··· Dataset records

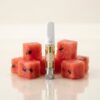 Watermelon (Indica) | THCa Live Resin Vape Cartridge (1g)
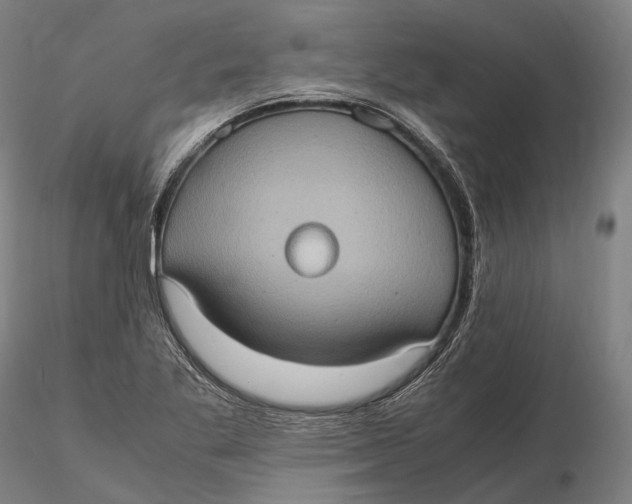 X0000115581269200912011430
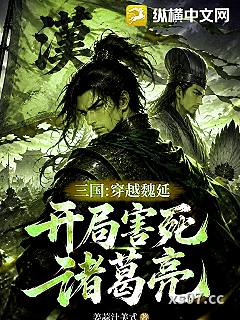 三国：穿越魏延，开局害死诸葛亮小说封面-姜蒜汁美式-军事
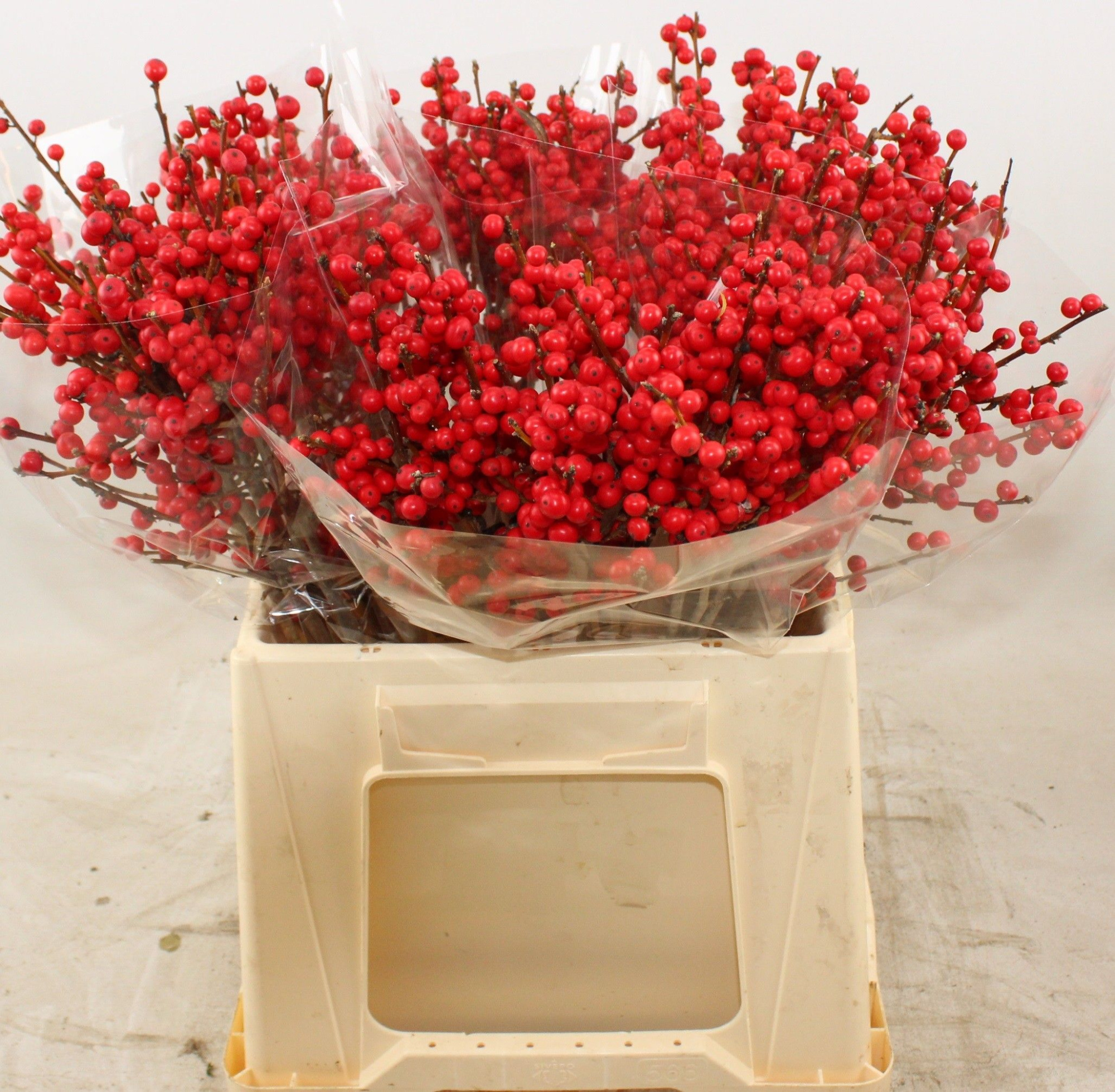 Илекс Красные ягоды 40, шт.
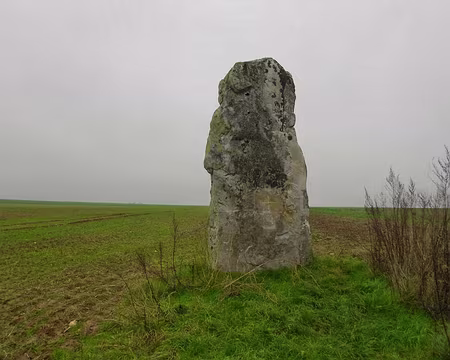 PXL004 Menhir de la Pierre Droite, près de Maisse.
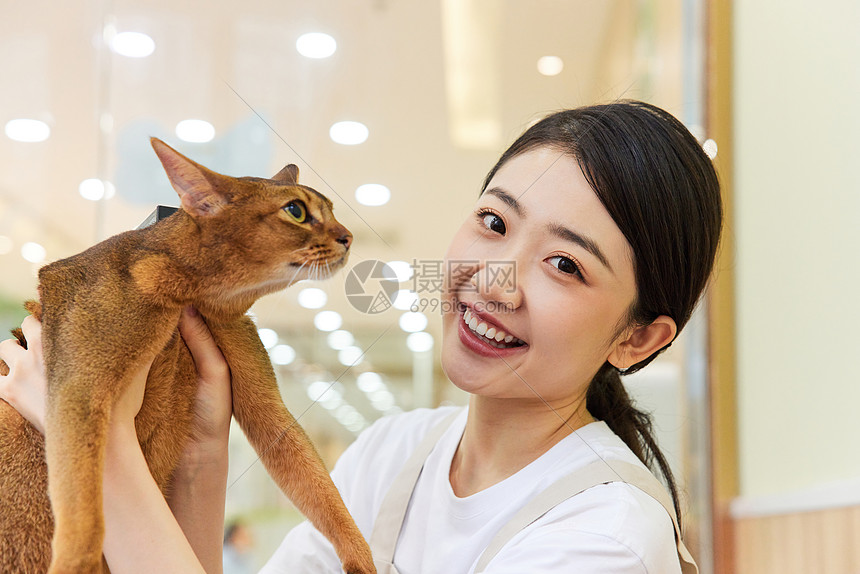 Cat Stylist(è������ʦ) ����è������ʦ��ѡ�빵ͨ����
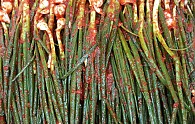 보명성 056.jpg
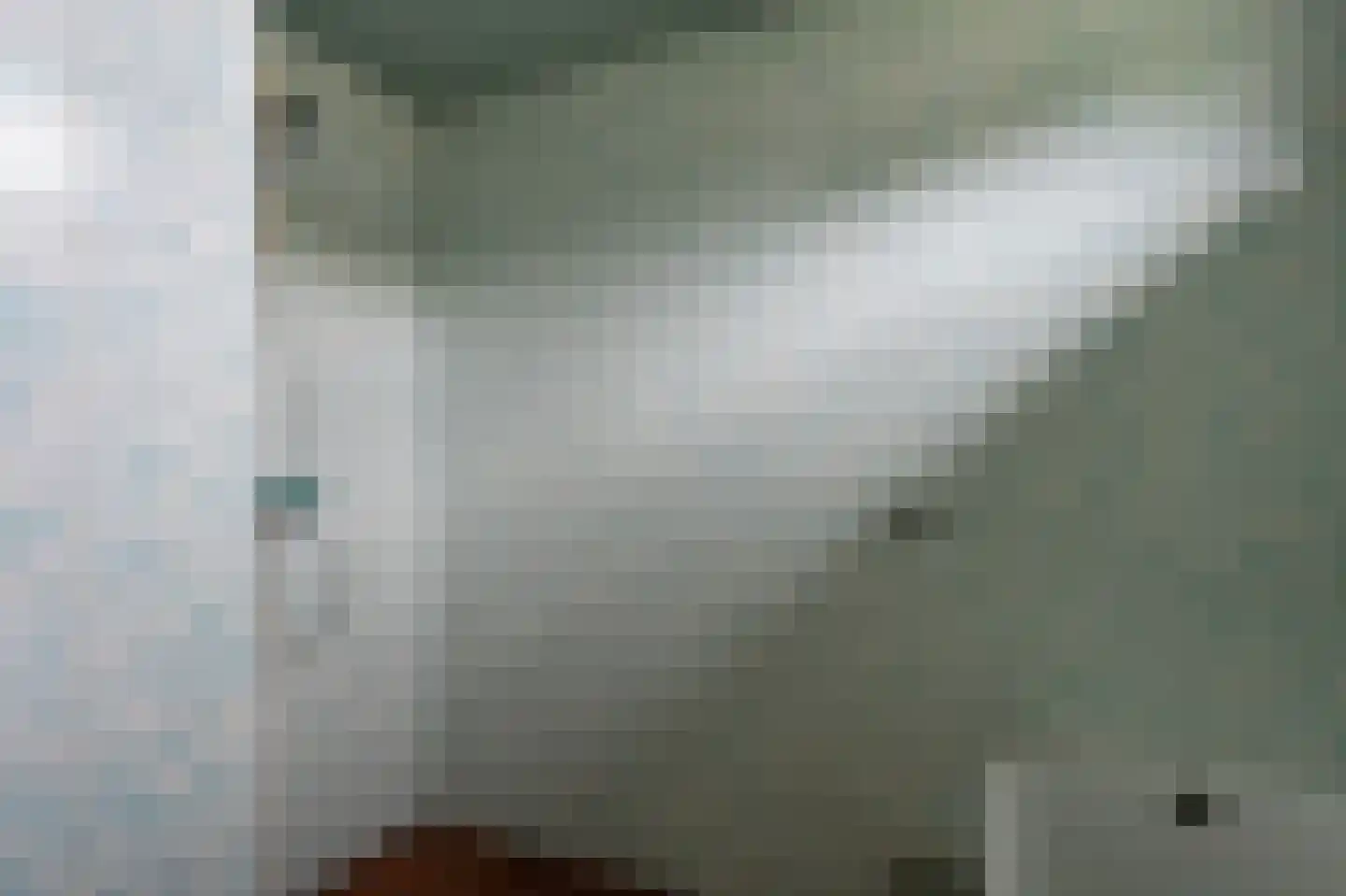 Laan van het Kwekebos 334 Emmen thumbnail 23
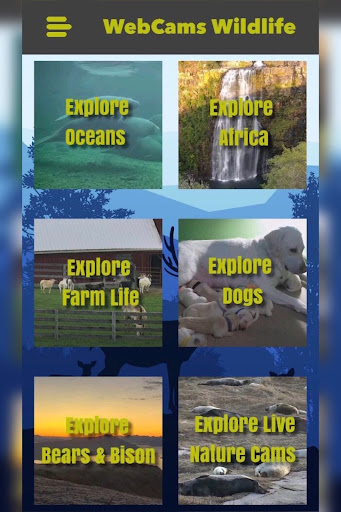 WebCams Wildlife Screen 2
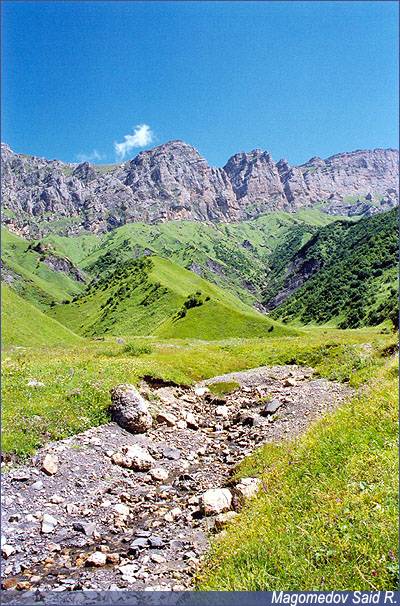 Природа в долине аула Кенхи,  Природа в долине аула Кенхи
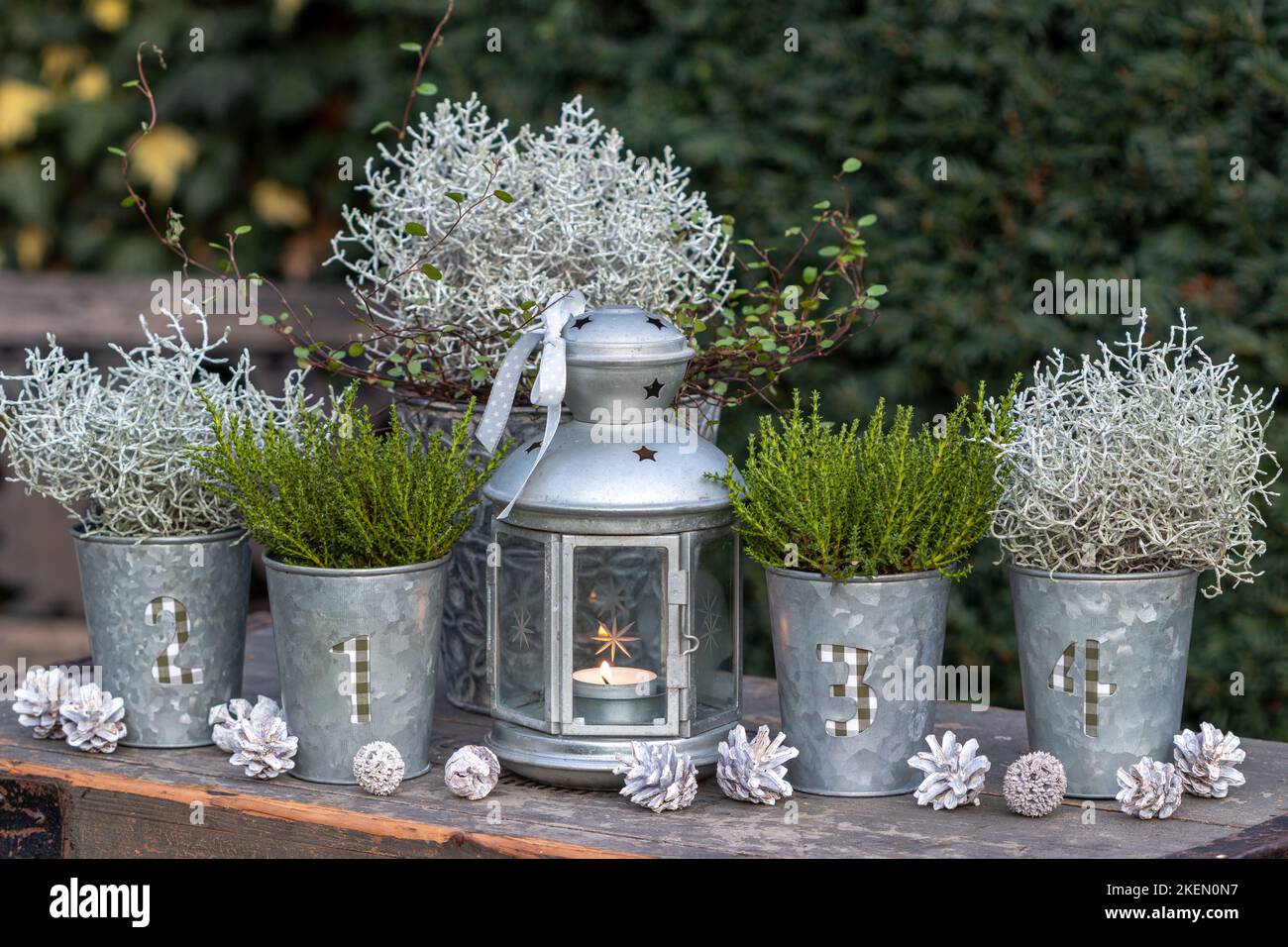 weihnachtsdekoration mit Vintage Laterne, Kissenbusch und Strauch veronika in Zinktöpfen Stockfoto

······

Work required ▸ The lines from the one containing "Илекс Красные ягоды 40, шт." through the last line of the entries are to be copied exactly, both ends included, and the pictures are to be omitted.

Task response ▸
 Илекс Красные ягоды 40, шт.
 PXL004 Menhir de la Pierre Droite, près de Maisse.
 Cat Stylist(è������ʦ) ����è������ʦ��ѡ�빵ͨ����
 보명성 056.jpg
 Laan van het Kwekebos 334 Emmen thumbnail 23
 WebCams Wildlife Screen 2
 Природа в долине аула Кенхи,  Природа в долине аула Кенхи
 weihnachtsdekoration mit Vintage Laterne, Kissenbusch und Strauch veronika in Zinktöpfen Stockfoto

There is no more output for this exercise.